▶ Task objective
When you reach the line with "Immagine Calascio tra" in the records below, begin transcribing exactly and continue up to and including the line with "Villa met zwarte glazen wanden-KELLER", leaving out every picture.

▶ Information shown
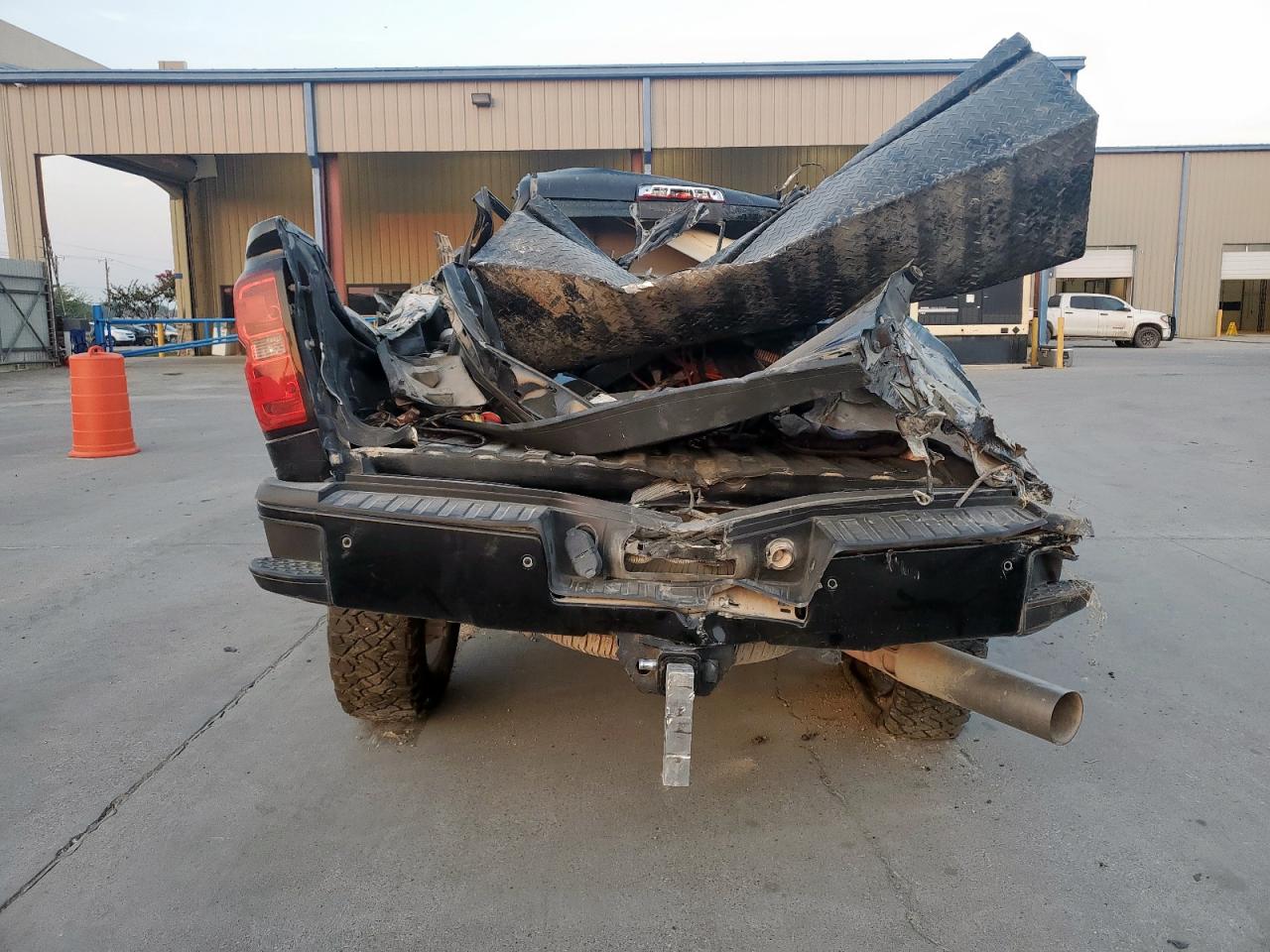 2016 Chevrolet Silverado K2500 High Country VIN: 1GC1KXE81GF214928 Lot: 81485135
==
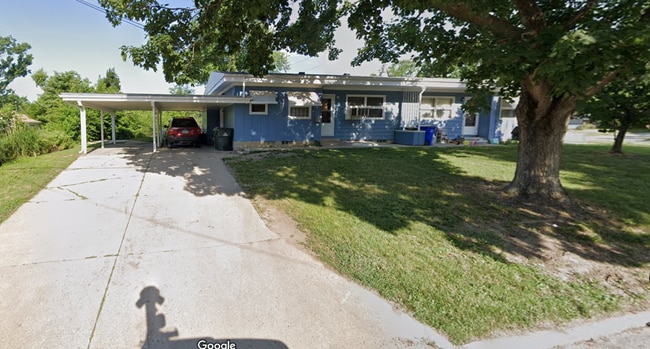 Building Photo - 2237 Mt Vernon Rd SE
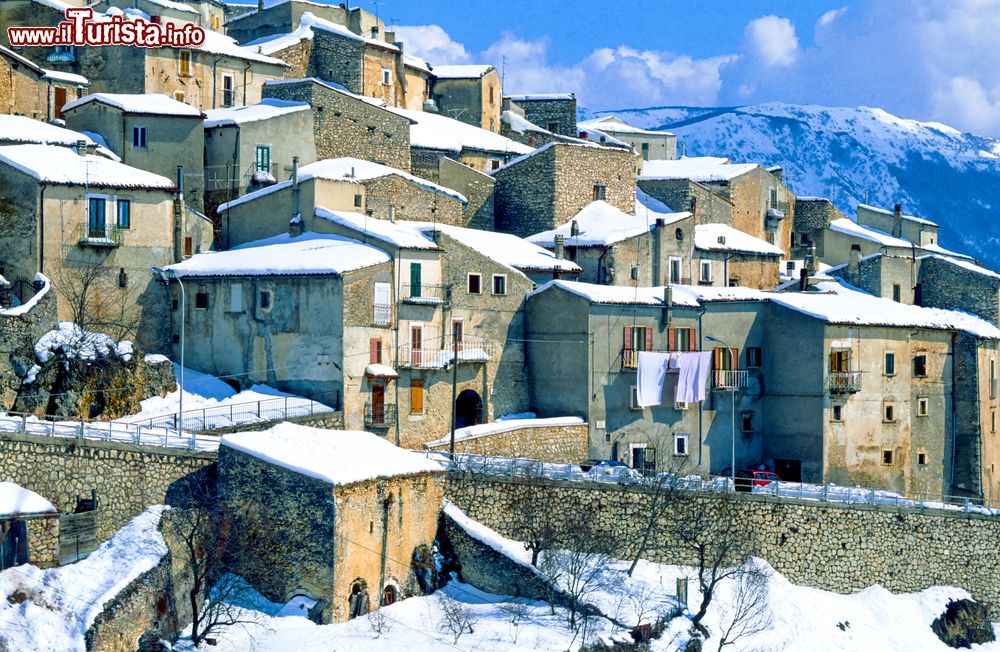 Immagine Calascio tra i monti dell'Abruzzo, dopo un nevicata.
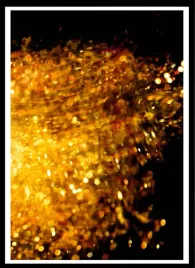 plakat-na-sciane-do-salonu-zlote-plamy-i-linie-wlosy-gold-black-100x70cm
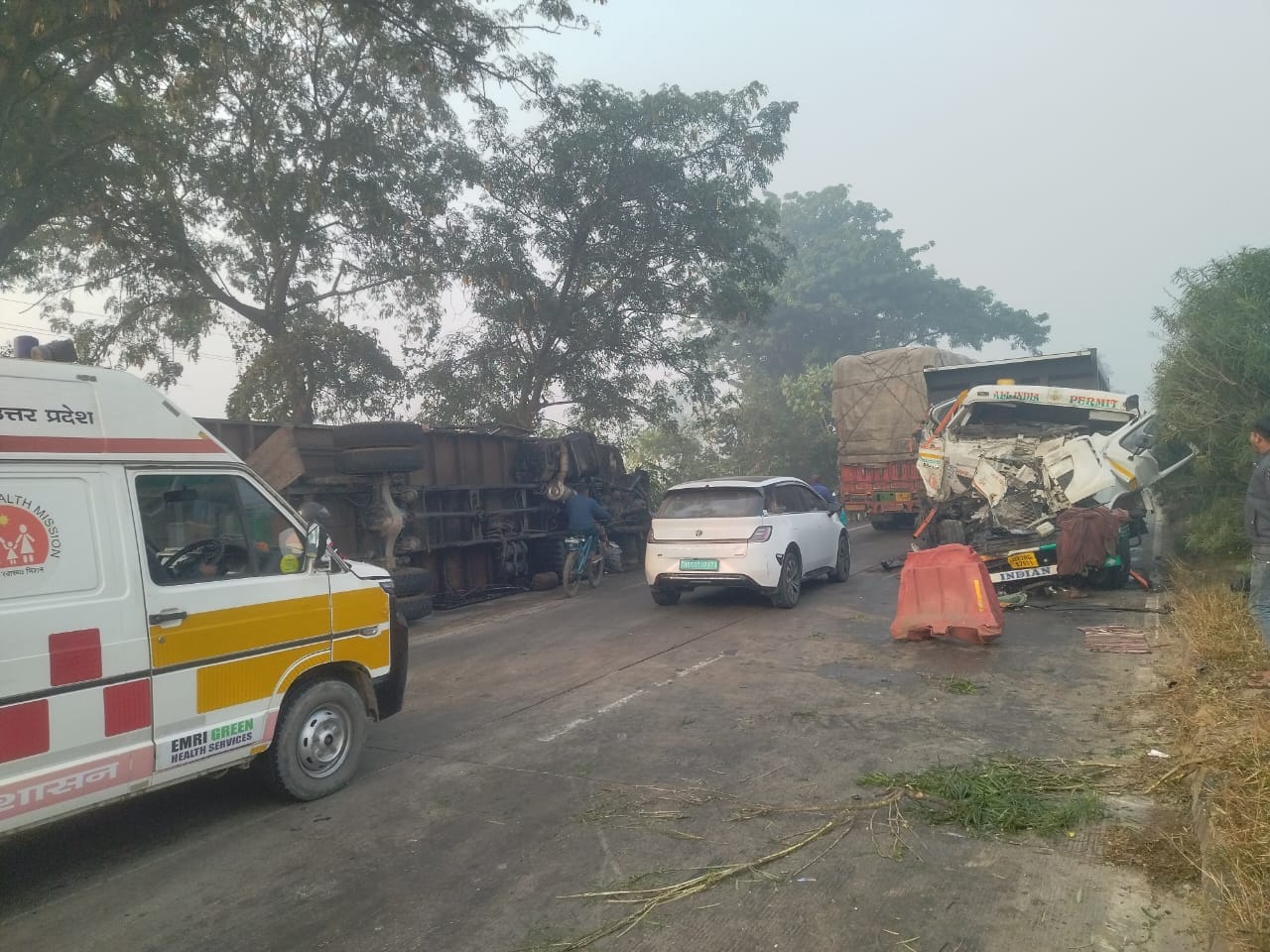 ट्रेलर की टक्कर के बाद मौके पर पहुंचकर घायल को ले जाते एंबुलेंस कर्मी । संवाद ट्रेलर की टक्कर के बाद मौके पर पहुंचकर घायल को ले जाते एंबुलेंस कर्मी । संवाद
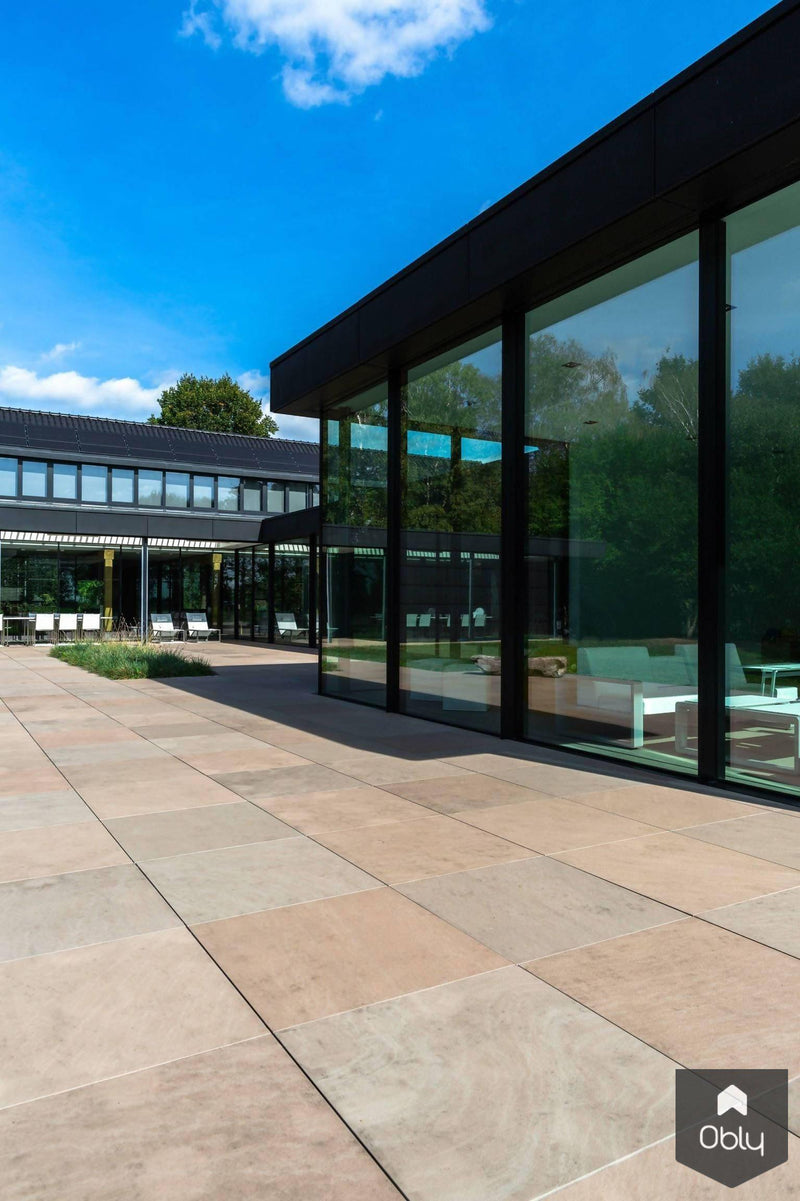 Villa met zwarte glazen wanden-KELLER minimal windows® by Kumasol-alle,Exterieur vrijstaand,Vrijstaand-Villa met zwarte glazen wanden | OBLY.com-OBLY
---
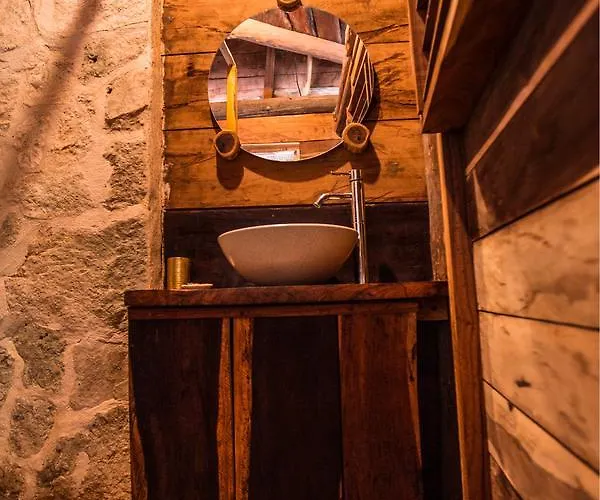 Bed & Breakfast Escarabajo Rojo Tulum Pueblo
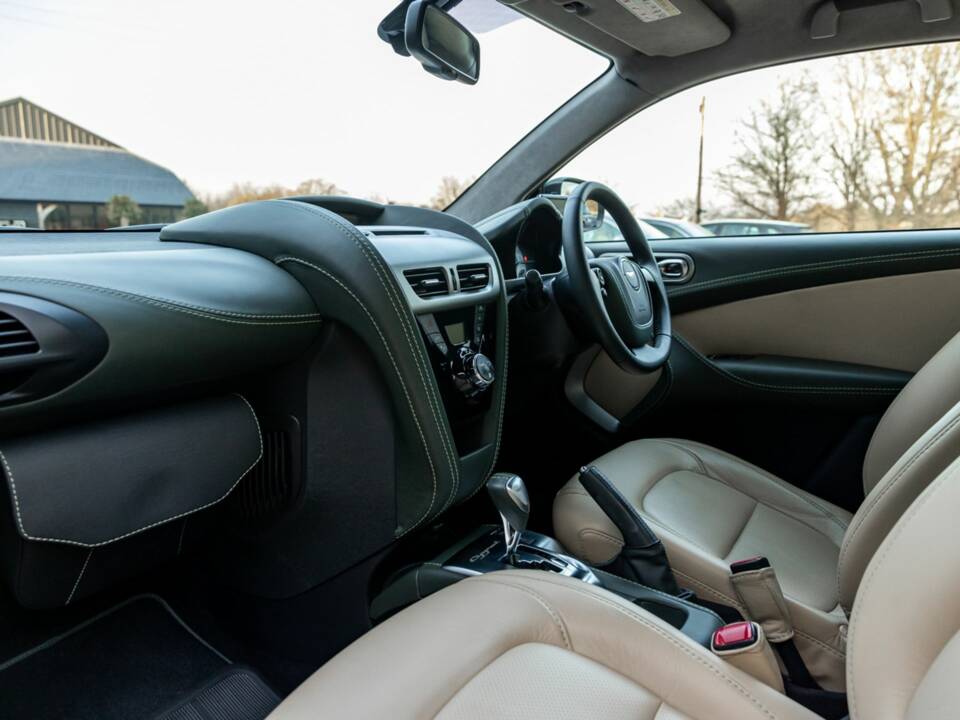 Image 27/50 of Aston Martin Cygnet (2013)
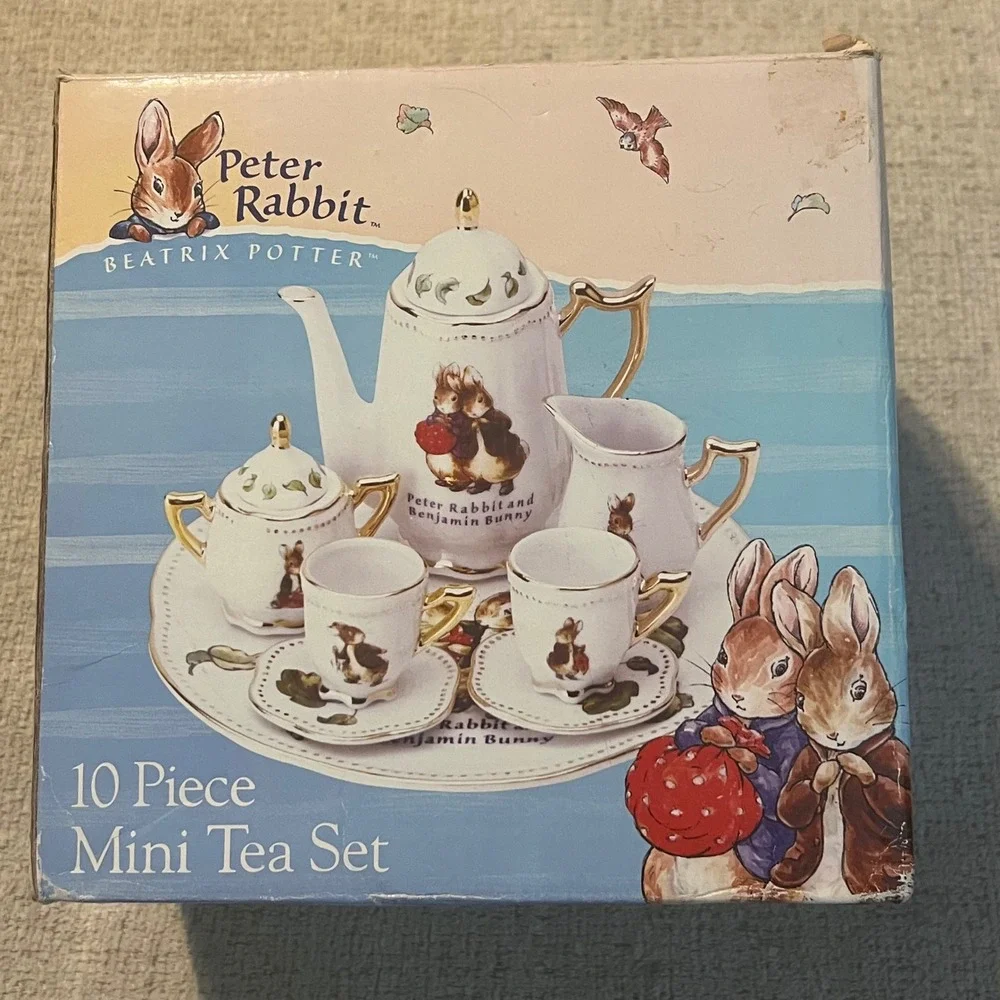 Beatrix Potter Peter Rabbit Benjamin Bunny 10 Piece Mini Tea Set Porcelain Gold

▶ Answer section
 Immagine Calascio tra i monti dell'Abruzzo, dopo un nevicata.
 plakat-na-sciane-do-salonu-zlote-plamy-i-linie-wlosy-gold-black-100x70cm
 ट्रेलर की टक्कर के बाद मौके पर पहुंचकर घायल को ले जाते एंबुलेंस कर्मी । संवाद ट्रेलर की टक्कर के बाद मौके पर पहुंचकर घायल को ले जाते एंबुलेंस कर्मी । संवाद
 Villa met zwarte glazen wanden-KELLER minimal windows® by Kumasol-alle,Exterieur vrijstaand,Vrijstaand-Villa met zwarte glazen wanden | OBLY.com-OBLY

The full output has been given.